Oral history recordings allow us to capture an individual's first-hand experience and perspective of the past. They augment the information provided by written records, statistical data, photographs and other historical material. These interviews not only contain personal information about each individual but reflect on the history and development of the University.
The University of Aberdeen Museums and Special Collections are currently undertaking a project to document medical oral histories which aims to offer insight into medicine in Grampian post second world war. The medical oral histories will join a larger body of over 200 interviews with around 170 individuals connected to the University.
The Aberdeen University Oral History Archive began in 1985 as part of the Aberdeen University Quincentenary Project. The interviews were originally intended to aid historians working on monographs commemorating the University's Quincentenary. Several interviews in the collection are with doctors and nurses and detail their time studying medicine during the first and interwar periods.
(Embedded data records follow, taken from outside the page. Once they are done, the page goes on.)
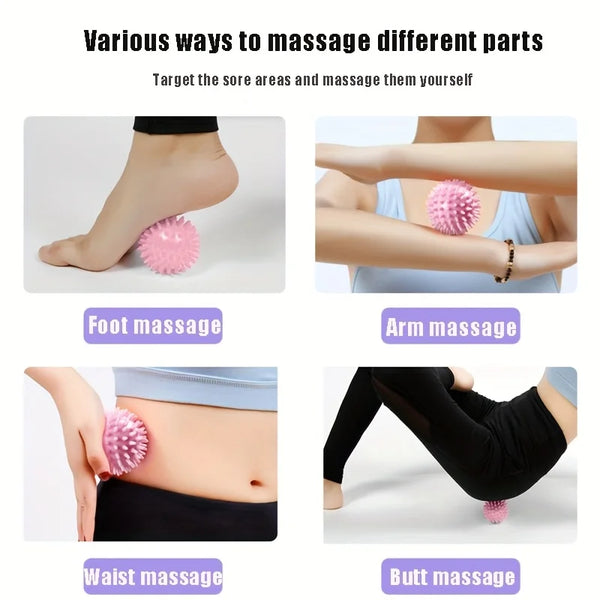 Spiky Massage Balls for Feet, Back, Hands, Muscles - Firm, Medium and Soft Spiked Massager Rollers for Plantar, Exercise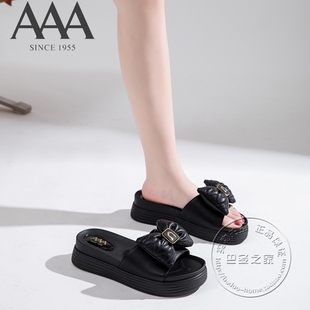 AAA女鞋 合成革皮面菱形踩线饱满立体蝴蝶结厚底中跟一字拖凉拖鞋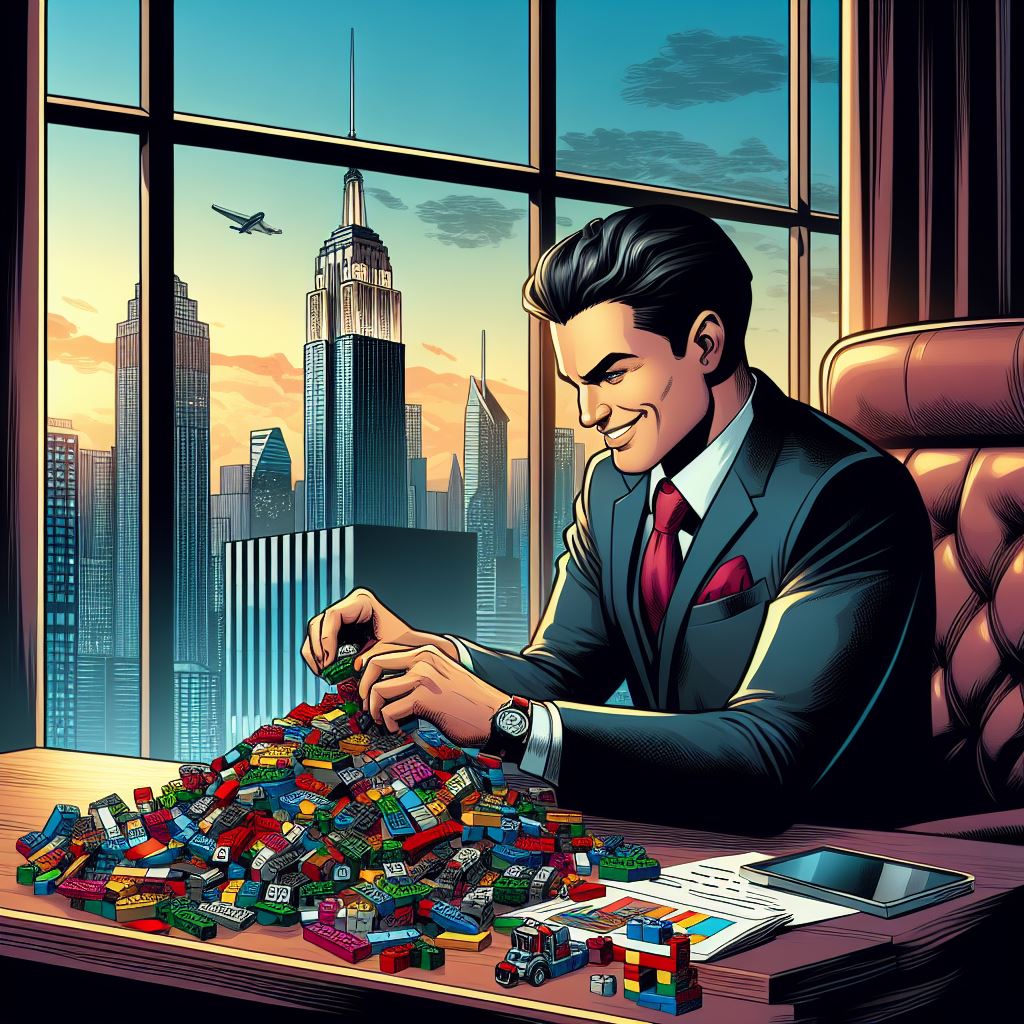 A man in a business suit gathers a pile of lego bricks on his corner office table by the window.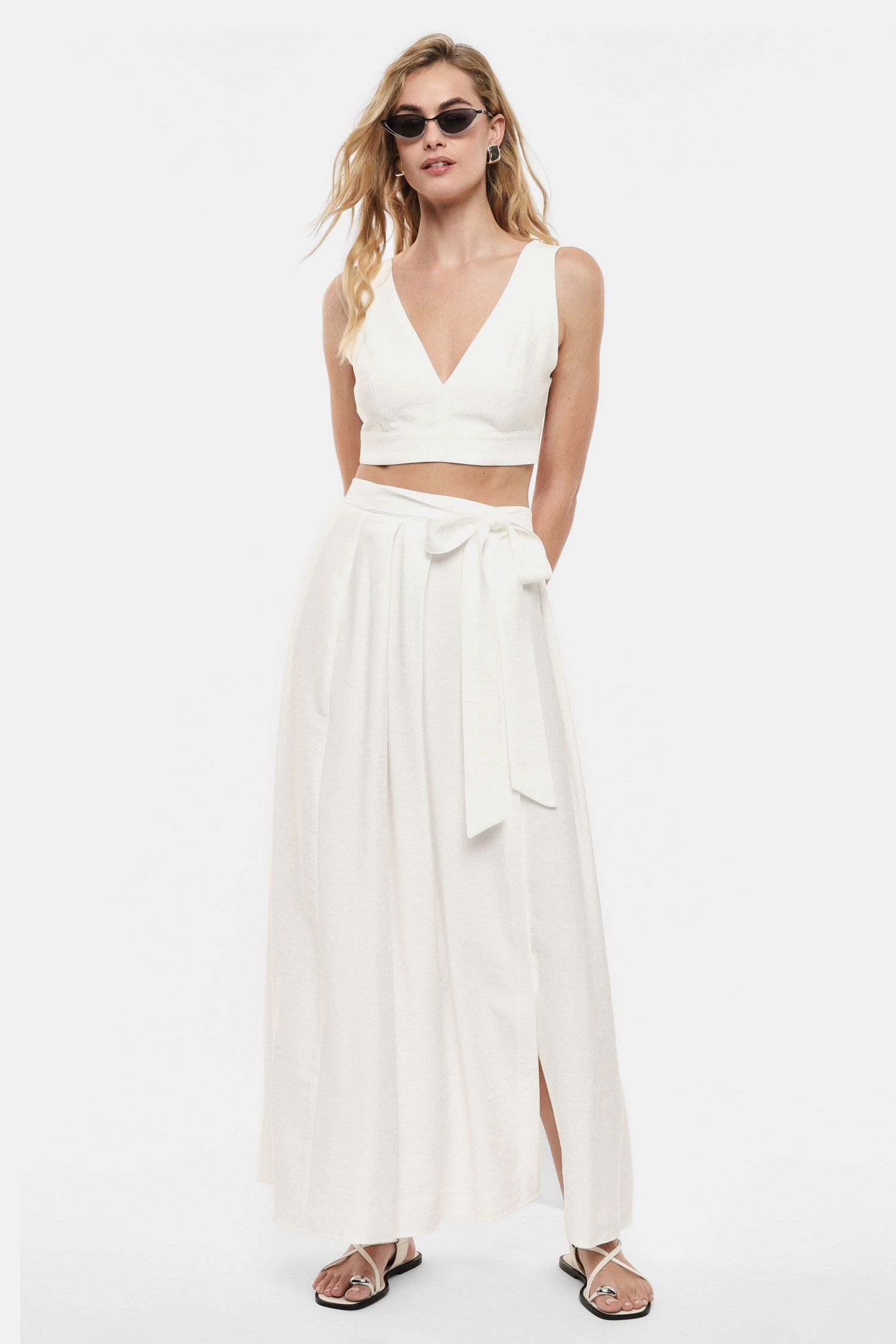 Imperial - Gonna lunga a vita alta con cintura annodata - Donna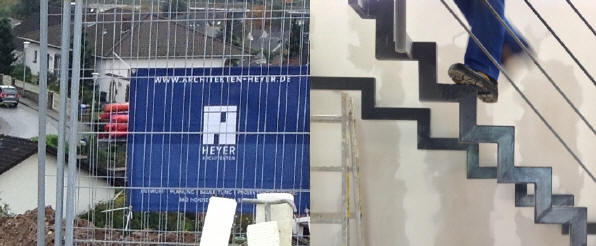 Impression des Bauzauns / Werbeschild der Architekten Heyer und der Firma Mechnig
Transcripts of many of these are available through the Archive Collections catalogue.
To give a flavour of the rich information these interviews hold, this blog post will look at some of the information contained in one interview with Dr Stella Henriques.
Background
Stella Henriques was born in 1899. She began her formal medical education in 1918. However, her medical experience started far earlier, helping her father in his surgery. She describes how...
“ From the age of five, I had been hauled into the surgery for people to spit into basins when Dad had pulled out teeth, because you all pulled out teeth in those days. So that I knew nothing else and medicine was the one thing I wanted to do and always had.”
This experience was unlike so many of her other female classmates who had been encouraged into the medical profession by their headmistresses.
Stella states,
“there was a very large intake of women because, so I understood, I was never told, that it was up in Aberdeen that the Senatus got worried about the future of medical careers of profession and they went round the girls' schools and asked the headmistresses to encourage the girls to go in for medicine.”
The few men on her course when she started were mostly older or had been injured in service. However, the following year once the war was over the number of students doubled and they had to be split into two classes.
Moments in History
Among important historical moments like the Armistice and the Spanish Flu pandemic, Stella was still having classes and exams.
She describes how someone ran into her chemistry class on the morning of November 11th 1918, announcing the war was over and everyone fled down the stairs and abandoned work for the day.
There were “fancy dress march with the torches that night and then, of course, the next day - we were never content - we decided we'd have the day off and the Senatus said "No, you'll go back to work." We said, "no we weren't going", and we didn't go but they had their own way back on us. I know Professor Trail looked at us very soberly and he said "The war is not over yet, this is only an Armistice." But of course, we couldn't understand this, we were dotty at the thought of it. Anyhow they had their own back on us, because when they did the exams, they asked the questions out of all the stuff we ought to have been getting the day that we didn't go.”
The following week half of her class was down with the Spanish flu. Stella recalls they were lucky no one died up there, but she did become very ill. Her weight dropped below 8 stone, and she developed a cough that lasted for 6 months. Her dad, being so concerned at her appearance on her visit home at Christmas, wrote a letter to her landlady ‘imploring Mrs Grade to take care of his motherless daughter and to see that I got tripe’ (her father's apparent cure for all ills).
Student Life
During her time as a student, Stella was also active in fundraising. She described traipsing up and down the tenements to raise money for sterilized gauze to be used on patients, raising a substantial £1200. She was also part of the Aberdeen Student Show, raising more money as the first ‘Stella the Bajanella’ - Stella herself was the inspiration for the show’s name. Beginning in 1921, the annual comedy musical and theatrical show started as a fundraising activity for local hospitals. In the first year, Stella the Bajanella was performed at the Men’s Union. When it moved to His Majesty’s Theatre the following year, Stella was replaced by another student, Jean Mackay, who had a stronger voice.
'Stella the Bajanella' cast photograph (1922) Eric Linklater, the writer and main actor, sits in front. On his left sits Jean Mackay, who played the role of Stella after Stella Henricks. University Collections, https://exhibitions.abdn.ac.uk/university-collections/document/10919.
Henriques graduated in medicine in 1923. She went on to work for the Church Missionary Society in Persia, and she was at one time Assistant Medical Officer for the West Riding, Yorks.
This interview was conducted and recorded on 6 September 1986 by Elizabeth Olson. A full transcript is available online. There are also three more interviews with Dr Henrique available through the archive search.